Despite the progress in elucidating the mechanisms involved in kidney graft dysfunction by the host immune response, a huge amount of ground still has to be covered to achieve a more accurate and early detection of graft rejection in the clinic. Kidney biopsy is the gold standard for assessing the interaction between the recipient’s immune system and the kidney graft. It discriminates the various types of rejection and determines their severity. Moreover, surveillance kidney biopsies allow the identification of subclinical rejection and early treatment. However, despite advances in the histopathology of kidney transplant classification, reflected by the many revisions of the generally accepted Banff calcification system, there are borderline cases of graft rejection in which clinical decision is difficult [11]. Usually, the detection of borderline changes in biopsies for cause leads to anti-rejection treatment; however, in many centers, patients with the same diagnosis in surveillance biopsies are not treated.
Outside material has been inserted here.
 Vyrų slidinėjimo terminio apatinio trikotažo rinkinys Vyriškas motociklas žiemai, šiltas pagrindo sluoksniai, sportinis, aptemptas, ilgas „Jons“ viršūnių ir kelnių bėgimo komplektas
Another common finding in kidney transplant biopsies is interstitial fibrosis and tubular atrophy (IFTA). Its presence in biopsies can be associated with T cell-mediated rejection, antibody-mediated rejection, and recurrent glomerulonephritis, among other diseases. Sometimes IFTA cannot be associated with any post-transplant disease [12]. Hence, the molecular evaluation of kidney biopsy specimens may lead to more accurate diagnoses, and avoid sub- or over-exposure to immunosuppressives.
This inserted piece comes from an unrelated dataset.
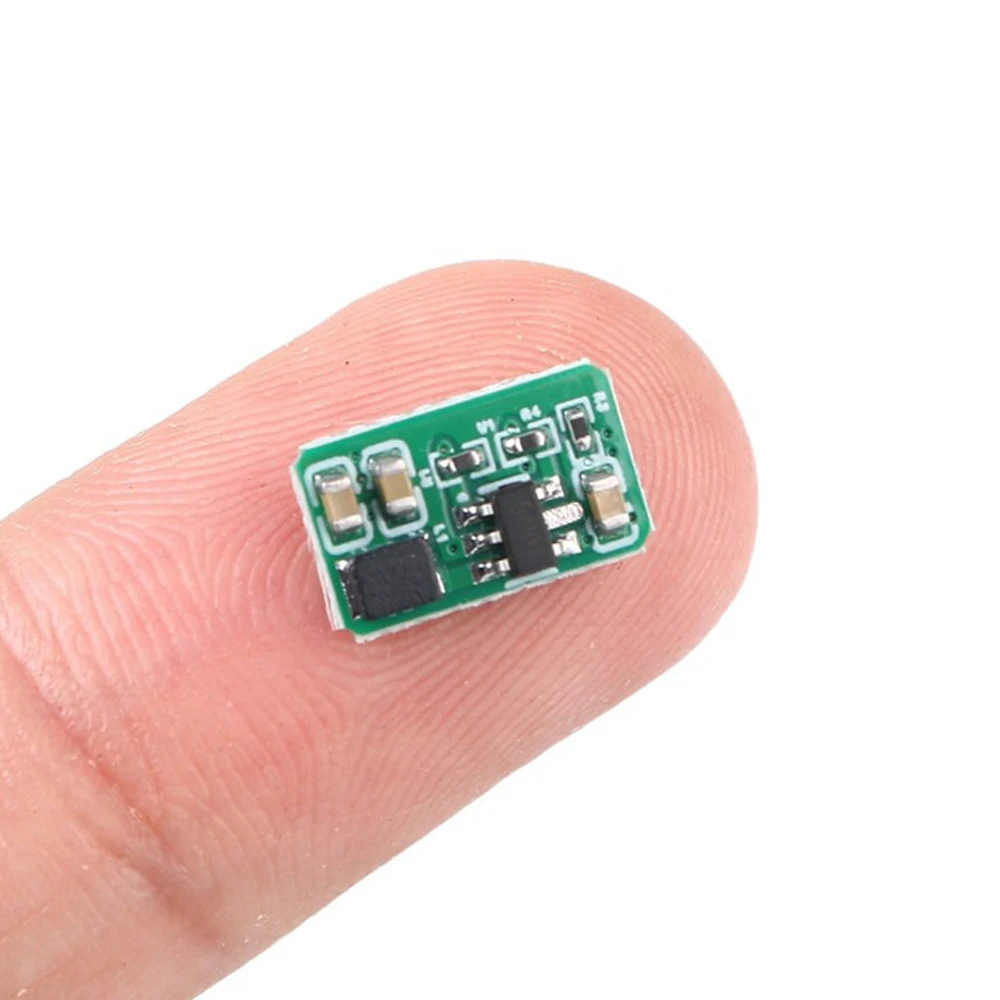 Mini DC-DC Step Down Power Supply Module 5V to 3.3V 2A Step-down Voltage Regulator Board Voltage Reduction Power Supply Module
In this Special Issue, Chamoun et al. evaluated rejection-related gene expression in subclinical rejection and biopsies with borderline changes or IFTA. A rejection-associated gene (RAG) score containing 109 genes derived from normal and clinical rejection was employed to classify the study groups. A positive RAG score was observed in 83%, 38%, 17%, 25%, and 5% of subclinical rejections, borderline changes in biopsies for cause, borderline changes in surveillance biopsies, IFTA in biopsies for cause, and IFTA in surveillance biopsies, respectively. Considering outcome as death-censored graft loss, or a glomerular filtration rate decline greater than 30% at 2 years, a positive RAG score was an independent predictor of graft outcome from histological diagnosis (hazard ratio: 3.5). Thus, a positive RAG score can predict graft outcome in surveillance and for cause biopsies with a less severe phenotype than clinical rejection.
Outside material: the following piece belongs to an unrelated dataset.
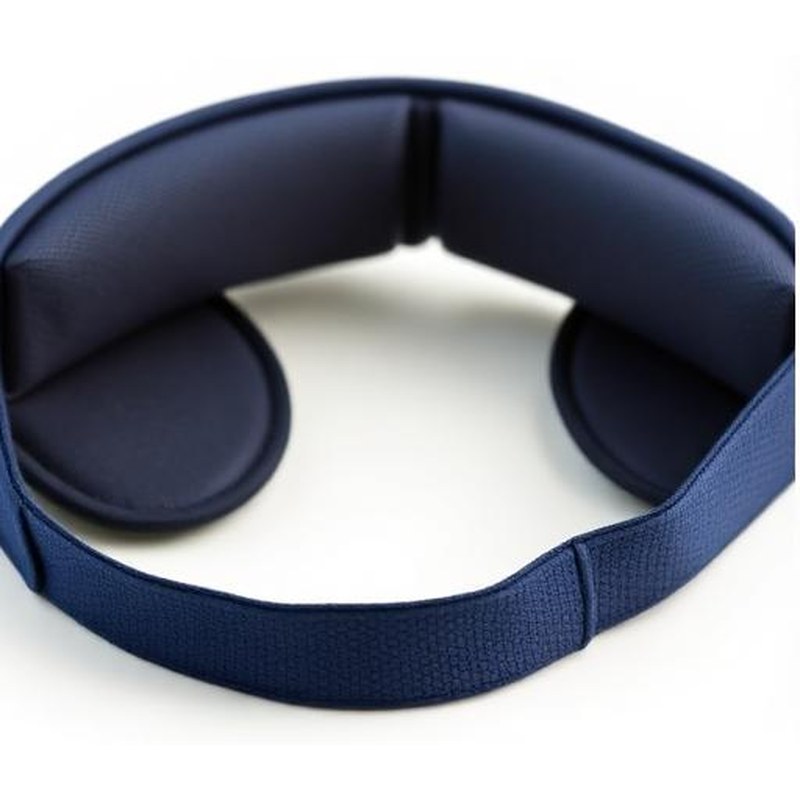 3D Contoured Ergonomic Zero-Pressure Sleep Mask - Detail view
In conclusion, the articles of the present Special Issue indicate that, with the assistance of constantly evolving modern technology and medicine, there are great opportunities for prolonging kidney graft time and patient survival. In the near future, measures for ameliorating IRI at the perioperative period, better understanding the alloimmune response, and the use of advanced technology for the early and accurate diagnosis of graft rejection are expected to extend graft survival.